We will inform affected customers through an individual ticket in their name.

Background

We were triggered by an article on Bleeping Computer following research by Speartip: https://www.speartip.com/fasthttp-used-in-new-bruteforce-campaign/

What is FastHTTP?

This is open-source software with no malicious purpose on its own. It is designed to speed up HTTP traffic, but it turns out to be useful for attackers who want to send a high volume of requests to an API like Entra ID very quickly.

What is a bruteforce attack?

In a bruteforce attack, an attacker uses raw force to crack a password: by simply trying a long list of character and number combinations, the correct combination will eventually come up.

How does this work with Microsoft 365?

The Entra ID API is globally accessible and requires authentication. By directing a bruteforce attack at that API, an attacker can confirm that a guessed password is correct by successfully authenticating, and then take over the account.

Impact for you

Given that the attack reached more than half of all organizations, there is a good chance that you were targeted as well.
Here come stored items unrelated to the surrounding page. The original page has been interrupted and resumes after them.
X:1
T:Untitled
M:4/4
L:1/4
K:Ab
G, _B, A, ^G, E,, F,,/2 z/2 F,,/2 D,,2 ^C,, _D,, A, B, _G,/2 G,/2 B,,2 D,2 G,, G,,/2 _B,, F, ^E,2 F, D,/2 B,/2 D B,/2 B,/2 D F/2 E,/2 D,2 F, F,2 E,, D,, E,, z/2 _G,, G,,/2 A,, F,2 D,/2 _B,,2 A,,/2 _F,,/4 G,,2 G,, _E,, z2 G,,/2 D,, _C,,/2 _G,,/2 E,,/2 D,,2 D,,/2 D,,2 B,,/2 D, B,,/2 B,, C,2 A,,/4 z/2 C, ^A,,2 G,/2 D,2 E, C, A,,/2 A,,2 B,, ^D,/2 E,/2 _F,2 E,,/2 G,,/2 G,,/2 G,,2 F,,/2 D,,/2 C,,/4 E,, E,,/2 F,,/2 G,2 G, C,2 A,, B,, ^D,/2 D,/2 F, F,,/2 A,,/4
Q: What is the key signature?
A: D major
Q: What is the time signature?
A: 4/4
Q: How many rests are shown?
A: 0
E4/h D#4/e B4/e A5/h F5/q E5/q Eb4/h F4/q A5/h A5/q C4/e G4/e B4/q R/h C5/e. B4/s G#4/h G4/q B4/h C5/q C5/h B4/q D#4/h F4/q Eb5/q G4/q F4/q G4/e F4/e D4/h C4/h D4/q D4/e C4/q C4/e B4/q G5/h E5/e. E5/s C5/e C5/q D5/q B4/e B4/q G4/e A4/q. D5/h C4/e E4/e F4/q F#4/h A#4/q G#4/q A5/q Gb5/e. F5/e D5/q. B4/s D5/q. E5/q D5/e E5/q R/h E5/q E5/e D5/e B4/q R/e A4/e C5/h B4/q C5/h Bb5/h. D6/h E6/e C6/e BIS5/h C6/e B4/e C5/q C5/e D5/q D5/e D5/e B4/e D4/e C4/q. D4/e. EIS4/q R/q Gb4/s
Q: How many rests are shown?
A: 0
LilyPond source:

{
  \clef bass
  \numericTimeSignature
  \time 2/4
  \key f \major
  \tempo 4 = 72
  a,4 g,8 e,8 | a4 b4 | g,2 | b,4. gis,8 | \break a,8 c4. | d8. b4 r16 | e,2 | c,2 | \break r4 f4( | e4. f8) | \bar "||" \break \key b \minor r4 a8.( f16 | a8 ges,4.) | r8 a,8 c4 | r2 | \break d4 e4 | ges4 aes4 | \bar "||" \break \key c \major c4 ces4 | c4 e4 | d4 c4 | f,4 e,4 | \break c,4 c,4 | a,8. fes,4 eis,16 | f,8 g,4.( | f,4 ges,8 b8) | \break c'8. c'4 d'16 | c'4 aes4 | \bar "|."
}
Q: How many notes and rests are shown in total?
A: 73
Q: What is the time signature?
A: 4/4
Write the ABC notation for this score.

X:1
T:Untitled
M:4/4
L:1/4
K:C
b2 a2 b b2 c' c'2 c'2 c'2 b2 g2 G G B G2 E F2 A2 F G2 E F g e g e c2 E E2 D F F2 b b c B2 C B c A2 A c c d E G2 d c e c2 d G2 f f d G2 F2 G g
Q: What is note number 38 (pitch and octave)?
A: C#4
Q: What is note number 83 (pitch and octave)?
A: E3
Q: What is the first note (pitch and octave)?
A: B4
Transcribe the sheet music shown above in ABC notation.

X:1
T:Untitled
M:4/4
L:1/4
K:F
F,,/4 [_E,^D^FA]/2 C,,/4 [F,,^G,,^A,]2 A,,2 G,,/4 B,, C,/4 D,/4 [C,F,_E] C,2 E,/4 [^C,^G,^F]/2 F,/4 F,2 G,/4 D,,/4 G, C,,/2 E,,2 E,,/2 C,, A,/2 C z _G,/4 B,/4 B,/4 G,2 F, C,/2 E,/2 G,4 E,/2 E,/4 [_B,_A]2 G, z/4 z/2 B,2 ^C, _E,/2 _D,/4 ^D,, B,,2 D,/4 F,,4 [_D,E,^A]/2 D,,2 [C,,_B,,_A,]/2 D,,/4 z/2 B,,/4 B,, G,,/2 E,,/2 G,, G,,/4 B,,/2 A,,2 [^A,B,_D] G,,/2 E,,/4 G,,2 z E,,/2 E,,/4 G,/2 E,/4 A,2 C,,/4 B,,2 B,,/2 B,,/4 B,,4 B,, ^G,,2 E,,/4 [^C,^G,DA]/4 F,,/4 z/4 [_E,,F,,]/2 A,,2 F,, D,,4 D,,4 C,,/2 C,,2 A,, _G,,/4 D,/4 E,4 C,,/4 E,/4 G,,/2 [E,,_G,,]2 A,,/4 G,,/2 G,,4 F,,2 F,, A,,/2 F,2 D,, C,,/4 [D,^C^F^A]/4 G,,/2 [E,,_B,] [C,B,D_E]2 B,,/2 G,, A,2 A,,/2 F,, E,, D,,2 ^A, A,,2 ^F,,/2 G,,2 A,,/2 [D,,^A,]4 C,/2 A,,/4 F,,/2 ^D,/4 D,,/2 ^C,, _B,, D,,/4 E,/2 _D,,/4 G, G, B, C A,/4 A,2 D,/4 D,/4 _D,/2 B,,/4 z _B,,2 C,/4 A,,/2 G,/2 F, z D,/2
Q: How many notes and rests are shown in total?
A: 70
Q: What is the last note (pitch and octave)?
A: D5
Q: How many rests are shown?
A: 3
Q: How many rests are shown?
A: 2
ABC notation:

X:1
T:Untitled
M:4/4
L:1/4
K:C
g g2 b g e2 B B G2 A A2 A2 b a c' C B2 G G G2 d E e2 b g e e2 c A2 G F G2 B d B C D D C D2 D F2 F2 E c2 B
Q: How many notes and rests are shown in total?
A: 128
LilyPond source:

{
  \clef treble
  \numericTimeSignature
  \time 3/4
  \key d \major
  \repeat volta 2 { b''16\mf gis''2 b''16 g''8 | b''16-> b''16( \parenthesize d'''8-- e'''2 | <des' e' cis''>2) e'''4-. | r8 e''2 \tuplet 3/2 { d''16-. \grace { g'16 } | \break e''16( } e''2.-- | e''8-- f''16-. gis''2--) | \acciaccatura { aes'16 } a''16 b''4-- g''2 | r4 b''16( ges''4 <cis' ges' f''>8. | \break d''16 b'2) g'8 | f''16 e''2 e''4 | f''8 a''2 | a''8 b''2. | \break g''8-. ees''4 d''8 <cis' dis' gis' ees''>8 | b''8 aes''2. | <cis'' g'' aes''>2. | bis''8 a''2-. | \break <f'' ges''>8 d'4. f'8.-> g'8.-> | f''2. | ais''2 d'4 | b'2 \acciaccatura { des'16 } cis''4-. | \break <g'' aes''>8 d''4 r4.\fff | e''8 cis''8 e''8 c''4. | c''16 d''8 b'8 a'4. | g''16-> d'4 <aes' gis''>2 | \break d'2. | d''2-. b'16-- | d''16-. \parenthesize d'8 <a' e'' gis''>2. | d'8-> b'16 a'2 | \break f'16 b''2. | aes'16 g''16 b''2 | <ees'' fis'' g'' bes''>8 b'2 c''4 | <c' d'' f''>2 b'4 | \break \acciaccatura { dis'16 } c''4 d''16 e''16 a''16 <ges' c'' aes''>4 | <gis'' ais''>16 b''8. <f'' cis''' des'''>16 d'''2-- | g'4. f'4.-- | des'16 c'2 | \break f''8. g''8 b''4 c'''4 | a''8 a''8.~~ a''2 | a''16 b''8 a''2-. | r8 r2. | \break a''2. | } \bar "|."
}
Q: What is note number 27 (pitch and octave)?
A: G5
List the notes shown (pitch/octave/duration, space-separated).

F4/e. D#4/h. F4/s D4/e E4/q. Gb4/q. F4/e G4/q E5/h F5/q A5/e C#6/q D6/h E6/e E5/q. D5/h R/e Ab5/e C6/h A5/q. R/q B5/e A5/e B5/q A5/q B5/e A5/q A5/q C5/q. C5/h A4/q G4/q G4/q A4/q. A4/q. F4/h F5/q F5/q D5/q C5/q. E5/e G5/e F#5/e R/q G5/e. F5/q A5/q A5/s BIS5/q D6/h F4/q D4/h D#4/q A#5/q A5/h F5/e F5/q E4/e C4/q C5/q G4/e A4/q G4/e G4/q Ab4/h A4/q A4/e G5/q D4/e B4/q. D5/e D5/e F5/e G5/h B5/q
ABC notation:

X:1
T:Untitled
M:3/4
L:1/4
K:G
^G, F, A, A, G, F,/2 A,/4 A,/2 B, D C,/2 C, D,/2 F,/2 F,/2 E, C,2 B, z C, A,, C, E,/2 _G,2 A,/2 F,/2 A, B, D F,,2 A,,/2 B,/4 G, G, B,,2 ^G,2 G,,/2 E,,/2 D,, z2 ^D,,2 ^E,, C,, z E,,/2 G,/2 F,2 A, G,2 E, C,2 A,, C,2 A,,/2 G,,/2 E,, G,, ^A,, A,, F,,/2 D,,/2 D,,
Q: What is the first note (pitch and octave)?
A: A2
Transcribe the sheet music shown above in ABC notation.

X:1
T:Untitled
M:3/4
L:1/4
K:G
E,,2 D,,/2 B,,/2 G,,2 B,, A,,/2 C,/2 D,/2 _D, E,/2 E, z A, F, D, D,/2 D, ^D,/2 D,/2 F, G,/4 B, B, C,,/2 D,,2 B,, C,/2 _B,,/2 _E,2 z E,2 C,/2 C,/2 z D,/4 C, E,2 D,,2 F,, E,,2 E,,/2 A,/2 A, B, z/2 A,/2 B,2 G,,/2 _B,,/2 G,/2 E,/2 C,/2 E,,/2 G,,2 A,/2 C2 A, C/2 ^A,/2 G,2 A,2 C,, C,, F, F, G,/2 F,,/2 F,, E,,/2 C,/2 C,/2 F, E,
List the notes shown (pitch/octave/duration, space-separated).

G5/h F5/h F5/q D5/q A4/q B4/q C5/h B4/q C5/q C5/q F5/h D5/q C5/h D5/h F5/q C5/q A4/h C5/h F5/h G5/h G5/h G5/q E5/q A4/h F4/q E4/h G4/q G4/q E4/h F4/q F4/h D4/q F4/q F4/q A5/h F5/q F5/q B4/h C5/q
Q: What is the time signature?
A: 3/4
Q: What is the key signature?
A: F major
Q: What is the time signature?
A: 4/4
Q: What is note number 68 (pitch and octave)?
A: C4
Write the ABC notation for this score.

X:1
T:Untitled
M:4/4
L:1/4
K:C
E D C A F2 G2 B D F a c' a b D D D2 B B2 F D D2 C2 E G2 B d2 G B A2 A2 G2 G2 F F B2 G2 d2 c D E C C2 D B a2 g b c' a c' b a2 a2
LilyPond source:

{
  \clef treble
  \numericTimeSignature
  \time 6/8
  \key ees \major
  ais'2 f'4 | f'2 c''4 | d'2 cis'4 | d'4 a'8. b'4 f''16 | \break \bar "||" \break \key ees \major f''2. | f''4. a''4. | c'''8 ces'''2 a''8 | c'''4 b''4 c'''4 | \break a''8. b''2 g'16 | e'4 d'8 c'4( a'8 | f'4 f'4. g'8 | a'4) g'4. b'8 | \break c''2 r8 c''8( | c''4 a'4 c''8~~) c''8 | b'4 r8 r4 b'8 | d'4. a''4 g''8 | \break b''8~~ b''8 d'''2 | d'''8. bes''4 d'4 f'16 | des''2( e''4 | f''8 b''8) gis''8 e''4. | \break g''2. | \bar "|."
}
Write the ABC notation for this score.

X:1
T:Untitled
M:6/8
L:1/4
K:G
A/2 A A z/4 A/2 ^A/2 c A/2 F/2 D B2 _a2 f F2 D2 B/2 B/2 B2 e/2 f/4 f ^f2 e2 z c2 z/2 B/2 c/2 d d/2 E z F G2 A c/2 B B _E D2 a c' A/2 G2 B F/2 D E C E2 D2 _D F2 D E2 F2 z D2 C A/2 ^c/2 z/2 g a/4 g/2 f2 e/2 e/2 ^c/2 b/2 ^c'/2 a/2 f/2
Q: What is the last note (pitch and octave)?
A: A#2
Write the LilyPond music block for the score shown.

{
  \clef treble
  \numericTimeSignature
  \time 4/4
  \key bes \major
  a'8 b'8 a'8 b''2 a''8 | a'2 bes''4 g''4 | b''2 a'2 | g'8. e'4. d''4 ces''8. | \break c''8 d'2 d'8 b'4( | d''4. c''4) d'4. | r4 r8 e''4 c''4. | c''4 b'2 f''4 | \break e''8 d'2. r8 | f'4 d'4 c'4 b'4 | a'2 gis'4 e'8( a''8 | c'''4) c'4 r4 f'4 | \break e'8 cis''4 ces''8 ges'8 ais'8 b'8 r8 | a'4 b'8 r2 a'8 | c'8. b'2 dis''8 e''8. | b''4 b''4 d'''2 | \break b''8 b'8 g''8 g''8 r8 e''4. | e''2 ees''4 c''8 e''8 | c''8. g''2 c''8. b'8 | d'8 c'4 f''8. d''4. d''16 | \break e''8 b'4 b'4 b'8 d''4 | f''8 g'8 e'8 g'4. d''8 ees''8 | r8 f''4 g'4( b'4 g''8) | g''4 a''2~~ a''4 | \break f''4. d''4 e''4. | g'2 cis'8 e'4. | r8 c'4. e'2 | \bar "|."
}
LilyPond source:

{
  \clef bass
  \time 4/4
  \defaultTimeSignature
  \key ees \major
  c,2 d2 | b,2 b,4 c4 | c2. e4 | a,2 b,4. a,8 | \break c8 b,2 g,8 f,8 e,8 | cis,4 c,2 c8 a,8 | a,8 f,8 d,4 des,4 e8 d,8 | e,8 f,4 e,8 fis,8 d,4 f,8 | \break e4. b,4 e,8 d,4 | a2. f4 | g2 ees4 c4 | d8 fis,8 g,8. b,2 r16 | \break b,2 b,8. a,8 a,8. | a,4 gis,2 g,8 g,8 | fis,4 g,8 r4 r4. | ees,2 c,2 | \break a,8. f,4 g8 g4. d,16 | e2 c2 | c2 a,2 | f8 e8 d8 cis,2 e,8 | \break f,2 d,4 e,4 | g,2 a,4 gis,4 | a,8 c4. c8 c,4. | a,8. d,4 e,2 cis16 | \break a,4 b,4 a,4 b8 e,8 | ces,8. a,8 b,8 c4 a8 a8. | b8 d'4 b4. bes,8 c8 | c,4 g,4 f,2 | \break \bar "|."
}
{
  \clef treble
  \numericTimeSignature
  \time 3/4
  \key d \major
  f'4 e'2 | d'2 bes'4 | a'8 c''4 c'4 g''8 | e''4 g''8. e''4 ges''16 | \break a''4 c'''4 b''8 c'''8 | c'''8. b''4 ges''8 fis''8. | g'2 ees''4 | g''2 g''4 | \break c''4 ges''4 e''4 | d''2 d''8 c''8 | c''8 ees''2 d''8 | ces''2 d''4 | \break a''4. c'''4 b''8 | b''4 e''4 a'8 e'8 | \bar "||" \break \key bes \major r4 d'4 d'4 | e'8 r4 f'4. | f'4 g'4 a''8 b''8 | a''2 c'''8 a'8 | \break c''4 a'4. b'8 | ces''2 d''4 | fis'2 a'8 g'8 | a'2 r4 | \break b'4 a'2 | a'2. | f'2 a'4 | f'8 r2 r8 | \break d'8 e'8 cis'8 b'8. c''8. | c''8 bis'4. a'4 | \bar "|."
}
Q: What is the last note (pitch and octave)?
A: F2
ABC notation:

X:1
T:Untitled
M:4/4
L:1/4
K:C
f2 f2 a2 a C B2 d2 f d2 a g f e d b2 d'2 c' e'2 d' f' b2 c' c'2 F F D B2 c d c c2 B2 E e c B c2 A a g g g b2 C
And it cannot be ruled out that similar attacks will be carried out more frequently.

Account lockouts (21%)

When someone enters a wrong password multiple times, their account gets locked. The consequence of a bruteforce attack can already be quite disruptive for individual employees in that sense. Speartip reports that this was the result in 21% of bruteforce attempts.

Account takeover (10%)

And if the bruteforce does succeed — meaning the attacker actually obtains the correct password — it is possible that the account in question gets taken over. Speartip has observed this in roughly 10% of cases, though we cannot corroborate that figure from our own research.

MFA fatigue (10%)

When MFA is enabled, a successful authentication could trigger an MFA prompt to the user. The user may get tired or irritated by the speed and volume of attempts, potentially reaching the point of accepting the login request — at least that is what the attacker hopes. Microsoft has implemented various measures to prevent this, but at the very least it will be annoying for employees.

What to do?

If you want Attic's help against these kinds of attacks, you need the Sentinel add-on for our Microsoft 365 service. You can obtain it through the Azure Marketplace.

Within that service, you need to add Sign-in Logs as a data source. This incurs some additional storage costs at Microsoft, but those are minor and well worth it for investigating malicious login attempts after the fact.

If you want to investigate on your own, follow these steps:

1. Log in to entra.microsoft.com
2. Go to Users > Sign-in Logs
3. Apply the following filter. Client app: "Other Clients"

This may produce false positives, but the User Agent field under Basic Information can be used for confirmation: the user agent will contain "fasthttp".